1. Establish a new Three-Unit Residential Use. This Use would be permitted on SF-1, SF-2, and SF-3 lots and exempt from Subchapter F (McMansion).
2. Revise the Uses that allow for two units. Two-Family Residential Use (which is the LDC terminology for ADUs) would be renamed to Two-Unit Residential Use and made more flexible by removing the detached and separation requirement, primary/secondary designations, STR-specific regulations, and redundant FAR, building cover, and second-story restrictions on the secondary unit. But one unit would still be limited to 1,100 square feet. These modifications provide additional flexibility in planning two units on a lot. For Duplex Use, the minimum lot size would be reduced to 5,750 square feet, and the common partition requirements would be removed. Both Duplex and Two-Unit Residential Uses would be exempt from Subchapter F (McMansion). The other Uses that allow for two units would be made redundant by these changes and deleted.
3. Remove unrelated adult occupancy restrictions. The discriminatory LDC Section 25-2-511 would be deleted entirely. The valid health and safety concerns for occupancy would remain governed by the more appropriate mechanisms of Texas Property Code 92.010 and the International Property Maintenance Codes.

What is Not Included
No other modifications are currently under consideration; minimum lot size changes and changes to compatibility setbacks are not included in the current resolution. Related revisions to the site plan process for small projects, known as “Site Plan Lite,” are under consideration separately from these three measures. These proposals will not create any new zoning districts and will not rezone any properties.

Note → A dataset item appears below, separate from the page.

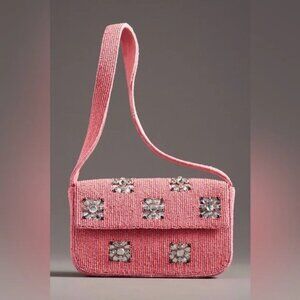 Anthropologie Fiona Beaded Bag Geometric Edition, NWT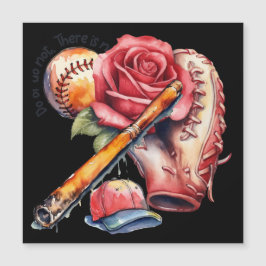 Softball Sommer Magnetkarte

The proposed regulations will not require subdivision, will not require the creation of additional dwelling units, and will not outlaw or modify the ability to build a single-family house that is currently allowed.

For additional details on the current proposals, see the attached document outlining the modifications. This was provided as backup for the 26 October 2023 joint meeting of the City Council and the Planning Commission. This information is current as of the drafts released on 10 October 2023; it is important to note that the language may change as the process unfolds.

AIA Austin’s Position
The AIA Austin Housing Advocacy Committee has been working on modeling the HOME Initiative’s potential impacts. We are discussing our analysis with the city and council member staff and collaborating with a wide range of other professional organizations supporting this initiative.

We, along with others in our community, believe that these measures will help Austin’s housing affordability crises by opening opportunities to increase the number of housing units in the city. Creating additional dwelling units decreases the cost of each unit for the individual household compared to a single unit on the same lot since the units are smaller and the land cost is spread across multiple households. This, in turn, will make it easier for existing homeowners to retain their properties by lowering the barriers of entry to creating income-generating dwelling units and expanding the ability of residential service providers to serve some of the most vulnerable members of our community. As long as these changes do not allow for larger, more expensive individual houses than currently allowed, these newly available tools will operate within the residential fabric of the city and help to encourage missing middle housing types that have existed in the city in years past.

In summary, these proposals do not negatively impact the residents’ health, safety, and welfare. They enable greater opportunity for creative design solutions that can promote Design for Equitable Communities, increasing the diversity and vitality of our neighborhoods.